With no gen whatsoever, I had to start wandering round at random and hoping to bump into birds. This happened! Recorded 5 Least Terns fishing and calling in the ponds, then collected some Green Herons, Cattle Egrets and 4 White Ibises - those last ones the first ones I've seen on the ground(!). Some Common Grackles, Blue Jays, Northern Mockingbirds and Eastern Kingbirds around, and then a surprise... proper birding... a Solitary Sandpiper feeding in the mud at lake edge.

Followingthe Solitary sandpiper round lead me into a little copse, and it turned out the canopy was alive. With birds, even. A Yellow Warbler, 2 Baltimore Orioles, Summer Tanagers and a male Scarlet Tanager, Red-eyed Vireo and Carolina Chickadees, a stonking Chestnut-sided Warbler, Red-headed Woodpecker and a female Hooded Warbler.

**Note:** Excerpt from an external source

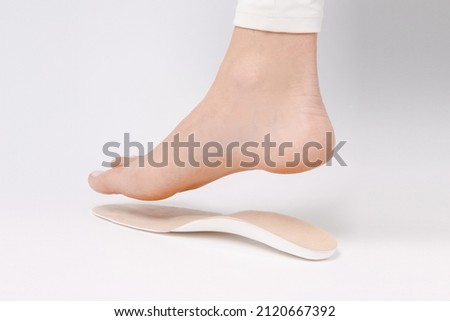 Medical insoles. Isolated orthopedic insoles on a white background. Foot care. Insole cutaway layers. Leg hanging over the insole. Treatment and prevention of flat feet and foot diseases. Royalty-Free Stock Photo #2120667392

After this, I stopped trying digibinning in poor light. Female Hooded Warbler.

And I also bumped into another couple of birders whi gave me directions to the 'best part' - Couturie Forest, further up the park. OK, I'll head there, but it was quite a walk and as I headed up the water's edge in the right general direction, I got a male Myrtle Warbler, Downy Woodpecker, Northern (yes Northern) Waterthrush, a male Common Yellowthroat and a male Hooded Warbler. Under the road, still following the trees, and things kept coming - American Robin (my first of the trip), Ruby-crowned Kinglet, 2 Yellow-throated Warblers (phwoargh!) and a female American Redstart - the joy at this one tempered only by the fact it wasn't a male. A tainted tick!

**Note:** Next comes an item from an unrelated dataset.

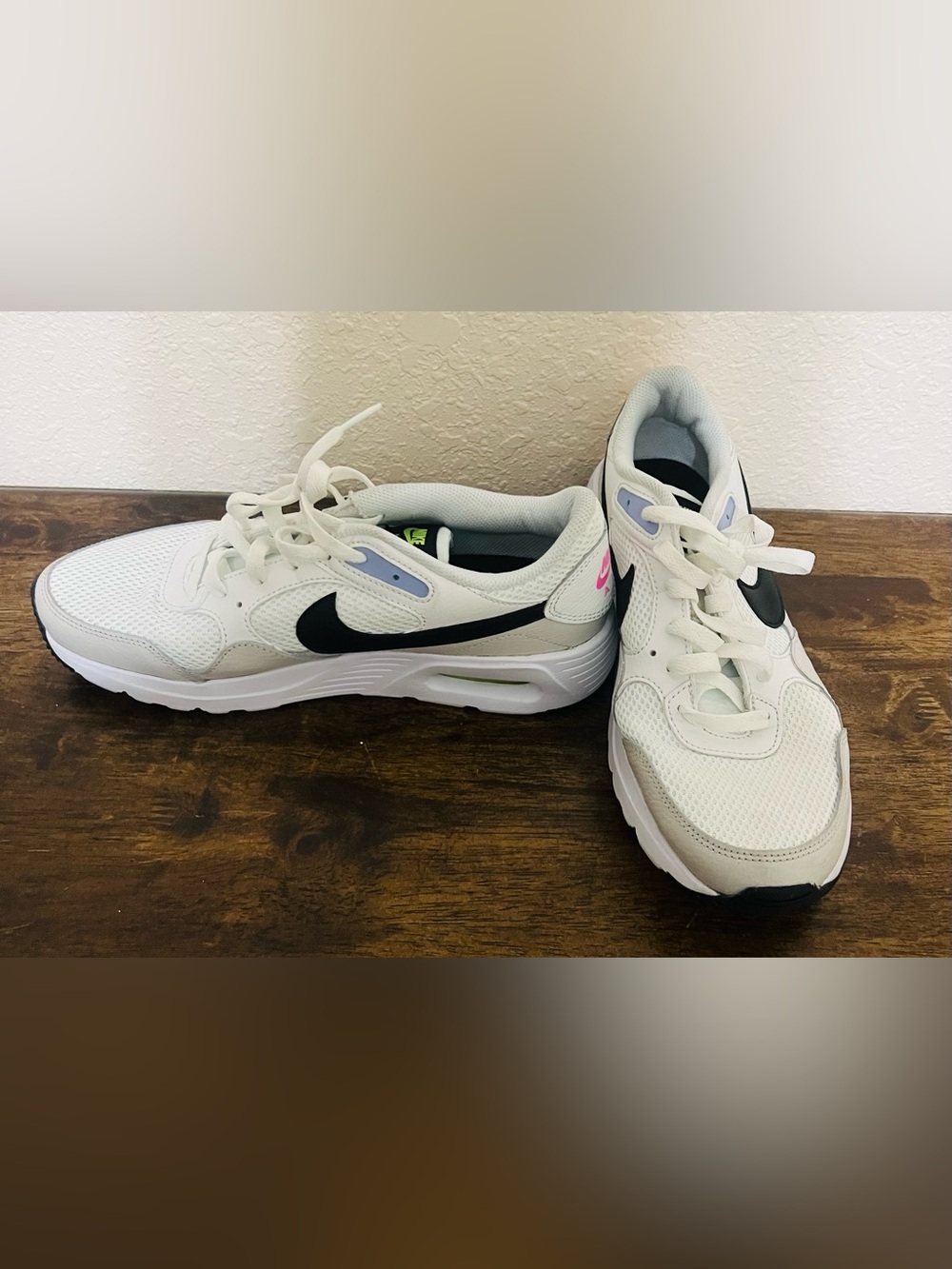 Nike White Sneakers with Black Swoosh and Pink Heel Accent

Barn Swallows over the open ground and some Tree Swallows buzzing round like House Martins on steroids. There was an Osprey perched high in a dead tree by some new lake I found, and an Alligator in the water. I resolved to be more careful near the water.

Moving on, a Blue Grosbeak doing bugger all at the top of a tree, and then a Great-crested Flycatcher - wow! What a whopper. Another whopper, a Turkey Vulture overhead.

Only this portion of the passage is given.